J.R. Warmkessel: When you left college, you kind of sounds to me like you chose a career in aviation.


Jeb Burnside: Well I did and I didn't. I got out of college and moved to Washington, D.C., and was working for my home town Congressman at the time. He's in the economies forte down in that district was agriculture. So there wasn't a whole lot of policy activity in aviation, but over the years I did make some contacts and got to know a few people and one thing led to another. Kind of started to do some policy work. Mainly political kinds of things using aviation as a backdrop. One thing led to another, changed jobs, changed Congressmen, and I ended up working for one who was on the aviation sub-committee. Mostly by accident as opposed to design and he interacted a little bit with the sub-committee staff. That was not my area of responsibility for that particular member, but I got to know some of the people over there. Moving right along, one thing led to another and I ended up with what was then the National Business Aircraft Association. Now the Business Air Aviation Association.

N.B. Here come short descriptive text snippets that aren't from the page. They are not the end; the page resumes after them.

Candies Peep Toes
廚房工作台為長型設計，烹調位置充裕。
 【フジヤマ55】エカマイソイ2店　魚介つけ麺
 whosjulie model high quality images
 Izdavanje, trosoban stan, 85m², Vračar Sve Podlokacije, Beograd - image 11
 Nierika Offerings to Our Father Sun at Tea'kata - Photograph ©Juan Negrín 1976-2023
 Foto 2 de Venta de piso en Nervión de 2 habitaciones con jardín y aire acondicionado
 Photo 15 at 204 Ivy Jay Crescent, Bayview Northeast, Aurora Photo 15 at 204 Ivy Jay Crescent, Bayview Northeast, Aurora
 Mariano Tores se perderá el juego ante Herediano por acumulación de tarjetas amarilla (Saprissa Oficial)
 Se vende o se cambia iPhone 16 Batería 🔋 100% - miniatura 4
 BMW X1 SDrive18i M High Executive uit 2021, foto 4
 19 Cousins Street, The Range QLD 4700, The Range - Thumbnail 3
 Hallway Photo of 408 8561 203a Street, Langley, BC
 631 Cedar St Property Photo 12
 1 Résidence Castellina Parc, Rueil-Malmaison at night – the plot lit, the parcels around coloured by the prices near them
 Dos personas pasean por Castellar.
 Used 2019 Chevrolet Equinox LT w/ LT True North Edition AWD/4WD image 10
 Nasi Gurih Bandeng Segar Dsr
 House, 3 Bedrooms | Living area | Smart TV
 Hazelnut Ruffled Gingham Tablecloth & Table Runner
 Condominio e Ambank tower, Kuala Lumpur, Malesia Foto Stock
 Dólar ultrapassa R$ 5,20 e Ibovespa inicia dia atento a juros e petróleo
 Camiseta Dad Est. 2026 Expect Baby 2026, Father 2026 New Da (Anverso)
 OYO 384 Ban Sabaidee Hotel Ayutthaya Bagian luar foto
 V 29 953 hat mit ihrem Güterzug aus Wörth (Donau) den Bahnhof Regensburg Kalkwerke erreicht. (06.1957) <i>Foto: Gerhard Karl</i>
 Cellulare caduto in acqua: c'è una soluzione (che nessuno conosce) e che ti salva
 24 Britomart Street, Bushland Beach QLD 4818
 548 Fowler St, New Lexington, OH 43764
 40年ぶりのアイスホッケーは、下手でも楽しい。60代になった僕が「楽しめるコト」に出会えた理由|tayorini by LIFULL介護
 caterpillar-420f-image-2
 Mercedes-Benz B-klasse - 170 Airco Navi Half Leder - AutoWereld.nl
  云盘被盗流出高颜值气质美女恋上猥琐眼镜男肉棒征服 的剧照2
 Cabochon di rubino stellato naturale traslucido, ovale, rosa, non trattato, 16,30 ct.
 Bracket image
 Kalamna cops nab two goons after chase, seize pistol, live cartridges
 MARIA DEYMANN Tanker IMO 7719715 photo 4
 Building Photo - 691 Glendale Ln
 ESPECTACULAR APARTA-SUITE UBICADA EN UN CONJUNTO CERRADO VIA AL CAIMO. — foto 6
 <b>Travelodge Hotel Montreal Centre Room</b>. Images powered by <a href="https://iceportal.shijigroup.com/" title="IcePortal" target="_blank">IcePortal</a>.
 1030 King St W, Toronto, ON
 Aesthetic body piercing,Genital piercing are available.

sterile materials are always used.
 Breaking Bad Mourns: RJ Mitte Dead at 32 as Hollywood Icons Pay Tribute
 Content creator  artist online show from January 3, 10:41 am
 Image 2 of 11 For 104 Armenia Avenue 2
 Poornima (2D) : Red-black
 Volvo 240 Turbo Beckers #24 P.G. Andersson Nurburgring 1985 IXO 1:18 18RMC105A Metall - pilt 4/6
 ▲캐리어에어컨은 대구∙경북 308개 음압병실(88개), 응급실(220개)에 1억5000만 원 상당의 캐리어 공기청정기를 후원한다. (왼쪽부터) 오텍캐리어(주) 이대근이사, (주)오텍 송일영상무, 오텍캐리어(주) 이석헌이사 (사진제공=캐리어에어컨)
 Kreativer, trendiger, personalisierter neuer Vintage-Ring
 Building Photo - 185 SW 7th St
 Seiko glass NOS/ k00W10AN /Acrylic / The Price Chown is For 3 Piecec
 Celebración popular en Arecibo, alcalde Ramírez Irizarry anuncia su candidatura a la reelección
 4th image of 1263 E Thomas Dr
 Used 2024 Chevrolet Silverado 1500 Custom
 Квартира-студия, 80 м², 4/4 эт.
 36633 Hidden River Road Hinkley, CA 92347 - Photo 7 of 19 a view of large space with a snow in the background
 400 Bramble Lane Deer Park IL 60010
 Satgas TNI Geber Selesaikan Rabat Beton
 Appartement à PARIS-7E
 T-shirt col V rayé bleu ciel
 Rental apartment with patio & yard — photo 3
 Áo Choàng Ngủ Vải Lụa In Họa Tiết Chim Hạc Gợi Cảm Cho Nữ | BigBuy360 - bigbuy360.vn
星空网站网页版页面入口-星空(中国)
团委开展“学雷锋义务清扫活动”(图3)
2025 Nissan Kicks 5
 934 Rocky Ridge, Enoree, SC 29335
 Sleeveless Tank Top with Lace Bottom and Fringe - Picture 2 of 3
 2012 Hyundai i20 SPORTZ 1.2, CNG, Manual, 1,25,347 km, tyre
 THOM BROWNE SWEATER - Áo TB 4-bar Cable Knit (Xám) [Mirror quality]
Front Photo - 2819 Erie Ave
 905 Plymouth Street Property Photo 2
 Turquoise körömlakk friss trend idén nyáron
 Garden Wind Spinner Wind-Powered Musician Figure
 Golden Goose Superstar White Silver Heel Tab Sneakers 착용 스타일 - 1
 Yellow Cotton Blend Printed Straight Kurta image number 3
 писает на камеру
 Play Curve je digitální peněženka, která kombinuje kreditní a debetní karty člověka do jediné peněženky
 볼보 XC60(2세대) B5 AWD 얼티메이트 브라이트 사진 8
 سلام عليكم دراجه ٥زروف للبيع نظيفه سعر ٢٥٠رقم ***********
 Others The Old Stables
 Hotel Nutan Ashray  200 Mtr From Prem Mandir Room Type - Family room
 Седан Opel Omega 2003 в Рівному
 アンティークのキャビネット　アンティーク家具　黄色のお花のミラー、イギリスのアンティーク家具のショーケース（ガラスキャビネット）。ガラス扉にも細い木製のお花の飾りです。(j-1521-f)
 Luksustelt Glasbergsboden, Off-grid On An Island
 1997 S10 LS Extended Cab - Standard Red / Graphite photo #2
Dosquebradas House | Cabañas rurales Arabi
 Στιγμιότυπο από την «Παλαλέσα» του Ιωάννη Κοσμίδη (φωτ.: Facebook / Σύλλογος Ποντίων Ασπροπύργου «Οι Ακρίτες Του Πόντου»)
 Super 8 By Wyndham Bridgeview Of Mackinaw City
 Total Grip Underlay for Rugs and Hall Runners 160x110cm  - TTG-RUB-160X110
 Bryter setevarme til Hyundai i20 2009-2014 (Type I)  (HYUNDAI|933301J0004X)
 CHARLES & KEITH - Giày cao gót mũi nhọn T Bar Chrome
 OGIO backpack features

J.R. Warmkessel: When about was this?


Jeb Burnside: This was mid-83 I want to think and that's when it got hot and heavy as far as getting into aviation policy.


J.R. Warmkessel: So anything that you worked on that would effect us today or that was really memorable that you'd like to share with our listeners?


Jeb Burnside: It goes back a long way. That time frame was the early years of implementation of the first major consolidated aviation bill which was enacted in 82. That was bill that J. Lynn Helms asked for that pushed through a bunch of infrastructure and FAA technology developments. Five year funding bill, aviation fuel taxes in the mix, yadda yadda yadda. Worked on a lot of the implementation of that. Working to try to get up some of the airport funding numbers. Perhaps less so on the facilities and equipment side of the FAA budget. Worked with customs. Worked with the IRS a lot on various regulatory proposals. I remember I think I singlehandedly saved Loran-C one year.